Ideas for improving Petridish
christofer-f opened this issue · 1 comments
Hi...
I have an idea that I would like to hear your thoughts about.
In the petridish algorithm, you gradually grow a neural network according to some objective.
What if you combined petridish with ideas from this paper:
https://arxiv.org/abs/2006.04647
https://github.com/BayesWatch/nas-without-training
So instead of incremental steps, you did a Monte Carlo Tree Search using ideas from above to find suitable candidates in the search.
So you alternate between two modes:
-
One pass you add several growing steps at once.

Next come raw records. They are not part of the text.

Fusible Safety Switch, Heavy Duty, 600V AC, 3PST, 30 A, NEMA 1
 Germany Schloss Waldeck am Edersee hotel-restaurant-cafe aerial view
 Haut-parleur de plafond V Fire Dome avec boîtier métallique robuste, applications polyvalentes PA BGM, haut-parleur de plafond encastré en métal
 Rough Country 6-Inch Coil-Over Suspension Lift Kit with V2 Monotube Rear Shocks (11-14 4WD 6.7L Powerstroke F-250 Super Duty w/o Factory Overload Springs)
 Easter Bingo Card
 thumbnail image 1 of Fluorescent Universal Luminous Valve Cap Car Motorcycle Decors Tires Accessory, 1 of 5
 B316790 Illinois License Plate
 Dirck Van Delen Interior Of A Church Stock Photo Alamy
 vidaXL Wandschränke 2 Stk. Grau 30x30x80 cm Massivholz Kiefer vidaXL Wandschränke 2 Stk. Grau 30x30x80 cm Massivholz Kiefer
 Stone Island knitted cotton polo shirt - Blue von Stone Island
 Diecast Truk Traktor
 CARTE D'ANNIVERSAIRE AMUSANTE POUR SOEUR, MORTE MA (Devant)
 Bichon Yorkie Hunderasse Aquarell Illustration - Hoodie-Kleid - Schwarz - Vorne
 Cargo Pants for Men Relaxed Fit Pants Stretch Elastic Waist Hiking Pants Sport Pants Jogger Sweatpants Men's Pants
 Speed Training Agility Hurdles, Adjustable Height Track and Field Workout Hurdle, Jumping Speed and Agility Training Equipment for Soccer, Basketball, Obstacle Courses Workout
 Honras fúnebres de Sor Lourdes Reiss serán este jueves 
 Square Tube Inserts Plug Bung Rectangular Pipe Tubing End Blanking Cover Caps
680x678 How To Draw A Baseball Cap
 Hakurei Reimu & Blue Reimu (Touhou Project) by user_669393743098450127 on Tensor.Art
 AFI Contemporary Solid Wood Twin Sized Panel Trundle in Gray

(Basically traversing from the root node to the candidate found in the MCTS search.) -
You do the MCTS using a search without training.
This is at least something I would like to try out...
//Christofer
@christofer-f that is a great idea and something to try out on our plate for a while. A catch though is that this paper is basically using NTK ideas to come up with a scoring function which is predictive of the final performance of the network. It is well-known now that the kernel regime cannot model asymptotic performance well but can approximate network at initialization well. And if you look at their correlation plots for small ImageNet it is noisy.
Nevertheless it may be worth trying out.
Do you need the MCTS search though? The version I was thinking is we do everything exactly as we are doing now in Petridish except in the step when we evaluate which candidate is the best by training 80 epochs with L1 regularization over the candidate layer's architecture weights, we use the scoring function proposed in this paper to rank the parent+candidate networks and pick the best scoring one, add to the parent. Rinse and repeat?